Comey’s attempts to pre-empt a conservative firestorm blew up in his face. He helped put T____ in the White House, where T____ did generational damage to the rule of law and led us to a place where prominent Republicans are calling for abolishing the F.B.I.

This should be a lesson about the futility of shaping law enforcement decisions around the sensitivities of T____’s base. Yet after the F.B.I. executed a search warrant at T____’s beachfront estate this week, some … have questioned the wisdom of subjecting the former president to the normal operation of the law because of the effect it will have on his most febrile admirers.

Andrew Yang, one of the founders of a new centrist third party, tweeted about the “millions of Americans who will see this as unjust persecution.” Damon Linker, usually one of the more sensible centrist thinkers, wrote, “Rather than healing the country’s civic wounds, the effort to punish T____ will only deepen them.”

The Atlantic’s Tim Alberta described feeling “nauseous” watching coverage of the raid. “What we must acknowledge — even those of us who believe T____ has committed crimes, in some cases brazenly so, and deserves full prosecution under the law — is that bringing him to justice could have some awful consequences,” he wrote…. The former president relishes his ability to stir up a mob; it’s part of what makes him so dangerous.

We already know, however, that the failure to bring T____ to justice — for his company’s alleged financial chicanery and his alleged sexual assault, for obstructing Robert Mueller’s special counsel investigation and turning the presidency into a squalid influence-peddling operation, for trying to steal an election and encouraging an insurrection — has been disastrous.

What has strengthened [him] has not been prosecution but impunity, an impunity that some of those who stormed the Capitol thought, erroneously, applied to them as well. [His] mystique is built on his defiance of rules that bind everyone else.
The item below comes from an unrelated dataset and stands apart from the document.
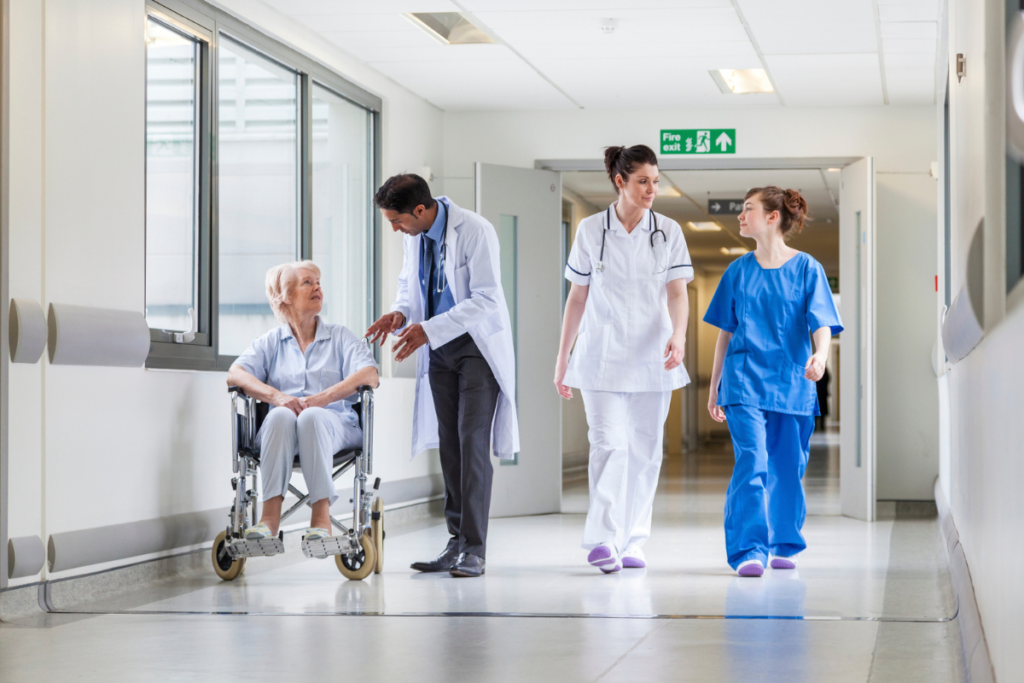 Doctor and nurses assist an elderly patient in a wheelchair down a hospital corridor.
He is reportedly motivated to run for president again in part because the office will protect him from prosecution. If we don’t want the presidency to license crime sprees, we should allow presidents to be indicted, not accept some dubious norm that ex-presidents shouldn’t be.

We do not know the scope of the investigation that led a judge to authorize the search of Mar-a-Lago, though it reportedly involves classified documents that T____ failed to turn over to the government even after being subpoenaed. More could be revealed soon: Attorney General Merrick Garland announced on Thursday that the Justice Department had filed to unseal the search warrant.

It should go without saying that T____ and his followers, who howled “Lock her up!” about Clinton, do not believe that it is wrong for the Justice Department to pursue a probe against a presidential contender over the improper handling of classified material. What they believe is that it is wrong to pursue a case against T____, who bonds with his acolytes through a shared sense of aggrieved victimization.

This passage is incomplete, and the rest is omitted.